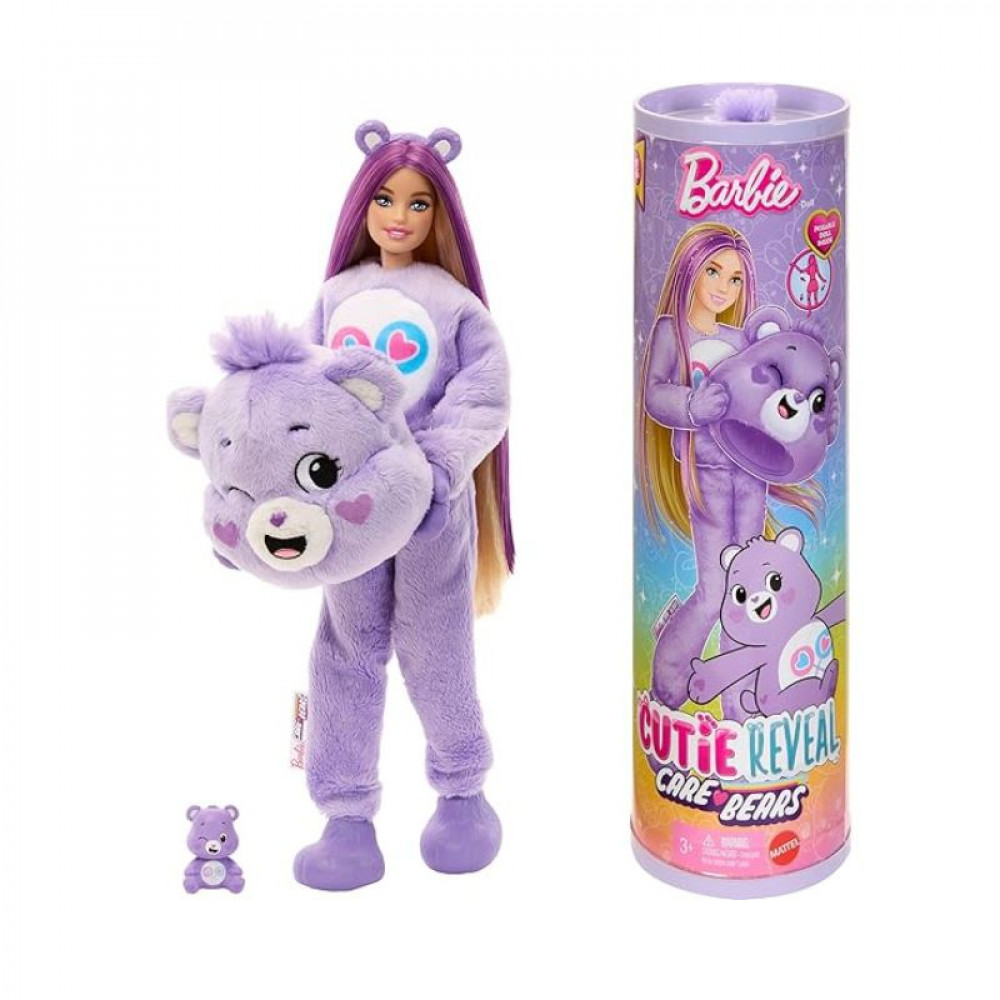 Barbie Cutie Reveal Care Bears purple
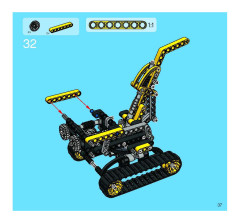 LEGO 8419 instructions page 37 – build guide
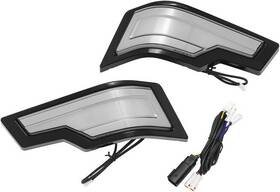 2955 Kuryakyn Tracer Tour Pak Led Rear Lights Black Smoke/red #2955 Harley Davidson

Work to complete:
Write out the listing above exactly, images omitted.

Task solution:
 Barbie Cutie Reveal Care Bears purple
 LEGO 8419 instructions page 37 – build guide
 2955 Kuryakyn Tracer Tour Pak Led Rear Lights Black Smoke/red #2955 Harley Davidson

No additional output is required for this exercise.